Vegetation in arid regions of Africa, America, Australia, and Asia reveals remarkable patterns, such as spotted vegetation, labyrinths, gap patterns, and regular bands (Brom-ley et al. 1997; Aguiar and Sala 1999; Klausmeier 1999; Leprun 1999; Couteron and Lejeune 2001; Von Hardenberg et al. 2001). Here, the term “arid” refers to environments characterized by an extended dry season, where yearly potential evaporation exceeds yearly rainfall, and where plant growth is limited by water availability. The two-phase mosaics of vegetation alternating with bare soil as observed in arid ecosystems differ in scale and shape, depending on slope gradient and rainfall. When slope gradient is !0.2% and mean annual rainfall ranges from 200 to 550 mm yr 1, observed vegetation patterns include spots with a diameter of 5–20 m, labyrinths with a vegetated band width of 10–50 m (fig. 1a), and gap patterns with bare spots in the vegetation with a diameter of 5–20 m (fig. 1b; Bromley et al. 1997; Aguiar and Sala 1999; Ludwig et al. 1999b; Valentin et al. 1999; Couteron and Lejeune 2001). On slopes steeper than 0.2% in arid regions, typical regular-banded vegetation patterns with a band width in the range of a few tens of meters are observed (Klausmeier 1999; Leprun 1999; Valentin et al. 1999; d’Herbes et al. 2001).
Scientists are still searching for possible unifying mechanisms to explain this range of spatial patterns (Tongway and Ludwig 2001), and an important question of this research is whether this range is the result of preexisting environmental heterogeneity, the result of spatial selforganization, or both (Klausmeier 1999; Couteron and Lejeune 2001; HilleRisLambers et al. 2001; Von Hardenberg
et al. 2001). Here, we contribute to the ongoing debate about vegetation pattern formation in arid ecosystems by presenting novel, spatially explicit model analyses and results, extending on the work of HilleRisLambers et al. (2001). Our results show that these different vegetation
patterns observed in arid ecosystems might all be the result of spatial self-organization, caused by one single mechanism:
water infiltrates faster into vegetated ground than into bare soil, leading to net displacement of surface water to vegetated patches. This model differs from earlier model results (Klausmeier 1999; Couteron and Lejeune 2001; HilleRisLambers et al. 2001; Von Hardenberg et al. 2001)primarily in two ways: it is fully mechanistic, and it treats the lateral flow of water above and below the soil as separate, not independent, variables. Although the current model greatly simplifies the biophysics of arid systems, it can reproduce the whole range of distinctive vegetation patterns as observed in arid ecosystems, indicating that the proposed mechanism might be generally applicable.
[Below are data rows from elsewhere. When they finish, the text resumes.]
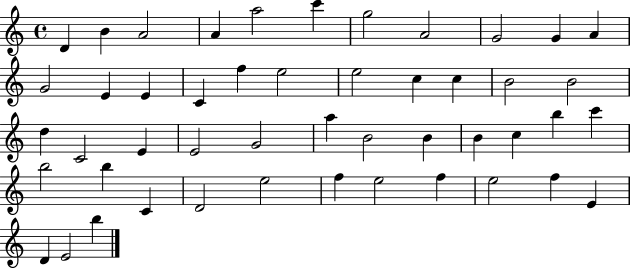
X:1
T:Untitled
M:4/4
L:1/4
K:C
D B A2 A a2 c' g2 A2 G2 G A G2 E E C f e2 e2 c c B2 B2 d C2 E E2 G2 a B2 B B c b c' b2 b C D2 e2 f e2 f e2 f E D E2 b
We further show that self-organized vegetation patterns can persist far into regions of high aridity, where plants would become extinct if homogeneously distributed, pointing to the importance of this mechanism for maintaining productivity of arid ecosystems (Noy-Meir 1973)
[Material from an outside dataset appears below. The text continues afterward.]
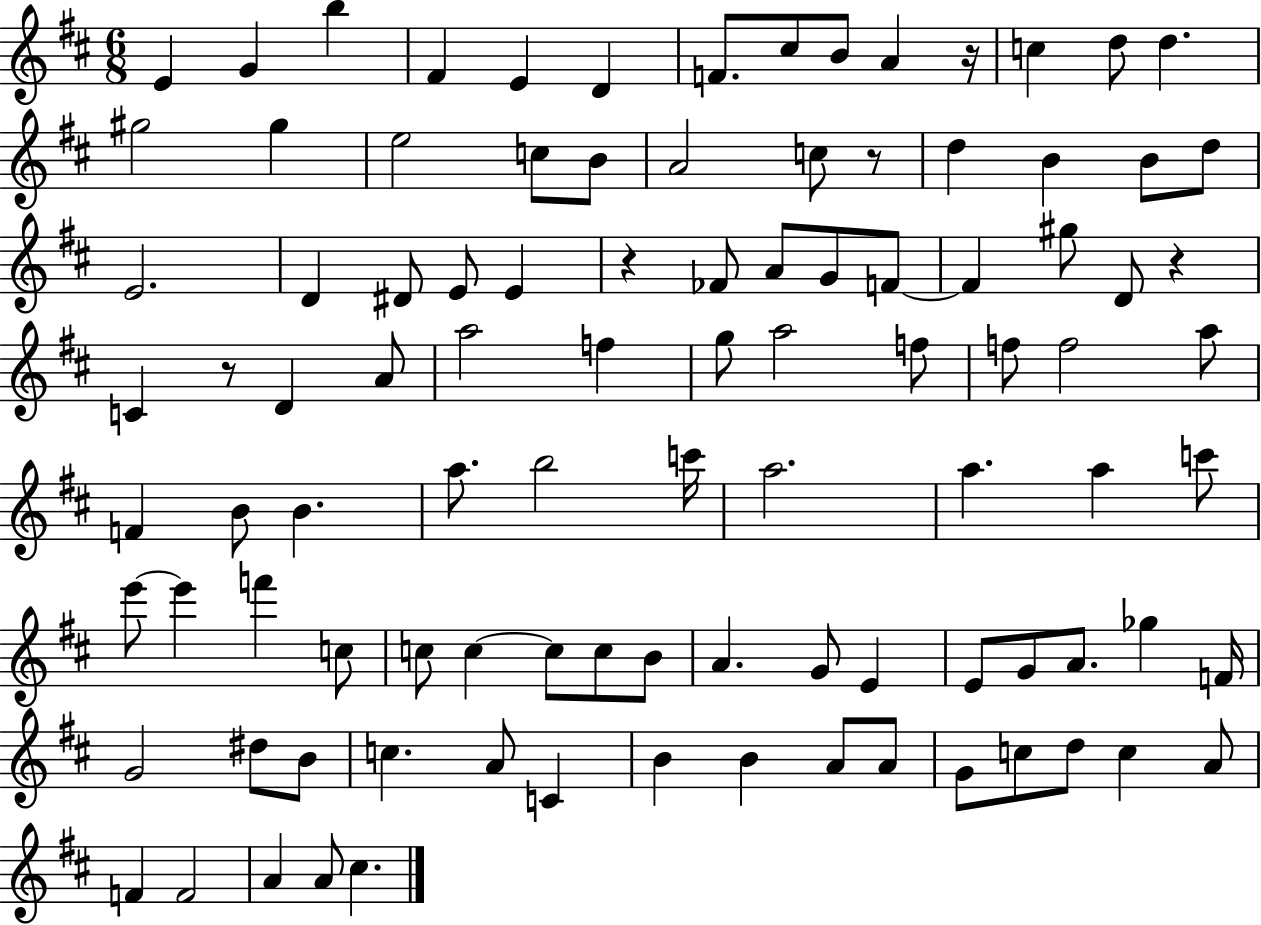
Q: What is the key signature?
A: D major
Our analyses are based on the model first developed in HilleRisLambers et al. (2001), which we now briefly review. Vegetation patterning is generally linked to the mechanism by which plants increase surface-water infiltration into the soil, in combination with low annual rainfall conditions (Bromley et al. 1997; Klausmeier 1999; Leprun 1999; Ludwig et al. 1999a; HilleRisLambers et al. 2001). During rain showers, some rainwater will infiltrate into the soil, while the remainder will run off as surface water to other areas. With increasing plant density, the rate of infiltration of surface water into the soil will asymptotically approach a maximum (Rietkerk and van de Koppel 1997). Lateral flow
of surface water is due to pressure differences measured by the slope of the thickness of the surface-water layer and can be described with a single diffusion term (Bear and Verruyt 1990; HilleRisLambers et al. 2001). Part of the infiltrated soil water subsequently evaporates or moves out of reach of plant roots by drainage and lateral subsurface flow due to capillary forces (Hills 1971; Lawrence Dingman 1994). Soil water uptake and plant growth are both assumed to be saturation functions of soil-water availability (de Wit 1958; Rietkerk et al. 1997). Plant dispersal, through seed or vegetative propagation, is approximated by a diffusion term (Okubo 1989; Cain 1990; HilleRisLambers et al. 2001).